Surgical skills training plays an important role in residency training. The training and development of technical skills have largely been confined to the operating room. Although most institutions in the West have implemented surgical skills training programs for surgical residents, few such programs exist in India. A basic surgical skills course was conducted for surgical residents in liaison with ETHICON Institute of Surgical Education. Sixteen students were enrolled in the course. The course consisted of a short lecture followed by hands on instruction and practice. The students were allowed to spend additional time practicing and refining the skills that were taught.

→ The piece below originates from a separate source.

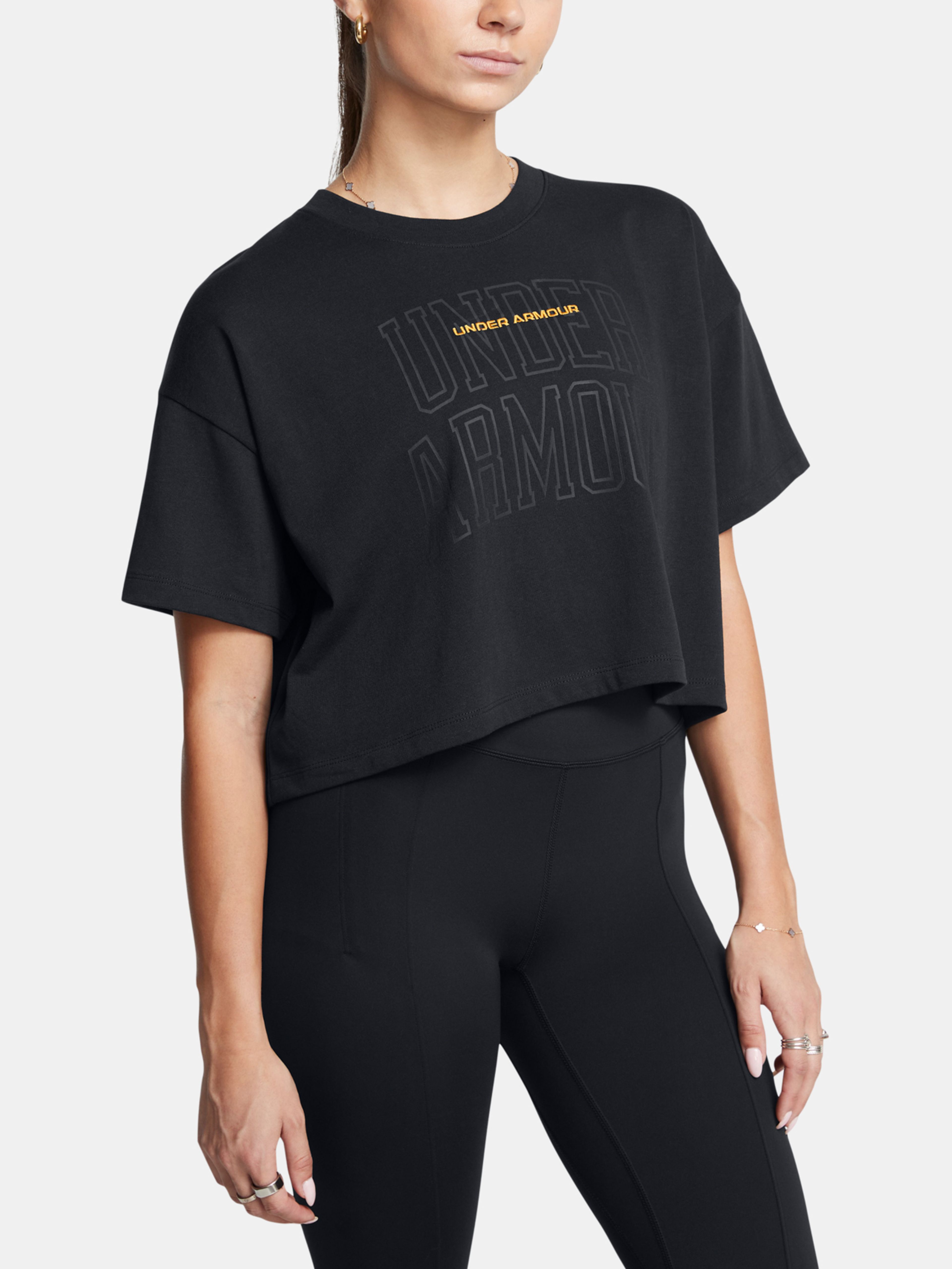 Majica Under Armour UA W VARSITY MIX HW SS CROP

The course was divided into six sessions: 1) overview of suture material, 2) handling of surgical instruments, 3) sutures and needles, 4) basic suturing techniques and 5) opening and closing of abdomen. The students were provided with the surgical instruments, suture material, knot tying board and a suturing pad to practice knot tying. A pre course versus post course survey of the students’ perceived self assessment score for all the skills combined rose from 2.97+0.6 to 3.96+0.3 (p value < 0.0001).The students thought the course was highly relevant to their current level of training (mean rating 4.8+0.5) and comfort levels performing the skills taught compared with before the course was markedly improved (4.5+0.6).

Since knowledge of surgical skills is becoming increasingly important, these results are presented to the curriculum committee to consider integrating the surgical skills course into the first year of postgraduate curriculum. The earlier in one’s career that proper suturing and knot tying technique is learned, the more opportunity there will be for practice and development of the speed, efficiency and precision that is characteristic of expert performers.

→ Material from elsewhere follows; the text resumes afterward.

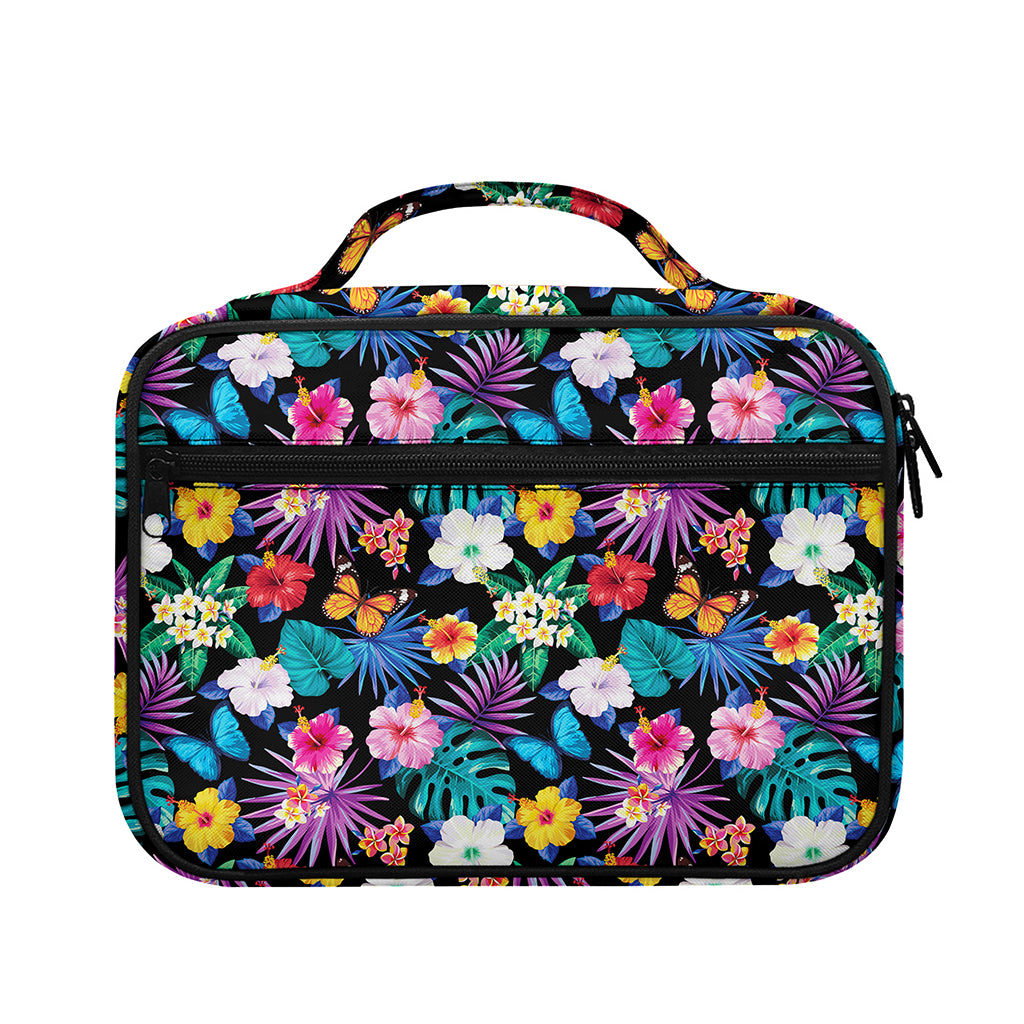 Colorful Tropical Jungle Hawaiian Print Briefcase Bible Bag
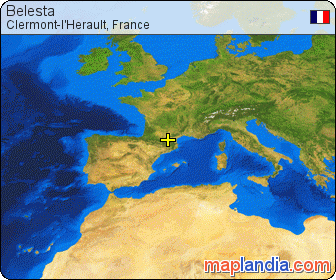 Belesta satellite map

There is good evidence that procedural simulation improves operational performance in actual clinical settings.1 The training and development of technical skills has largely been performed in the operating room. Although most institutions in the West and Tanzania under low resource settings have implemented surgical skills training program for surgical residents, few such programs exist in India.2 In the current model of surgical training, based primarily on apprenticeship, the opportunities for deliberate practice are rare. Operations are complex, and it is difficult to focus on one small component of the procedure.3 A needs assessment survey of advanced surgical trainees at this hospital demonstrated that skills were usually acquired during sessions in the operating theatre often in an ad hoc manner. They felt the need of more practical training by the faculty in a form of workshop. We report our experience in establishing a workshop-based skills course which was conducted for first year surgical residents in liaison with ETHICON Institute of Surgical Education.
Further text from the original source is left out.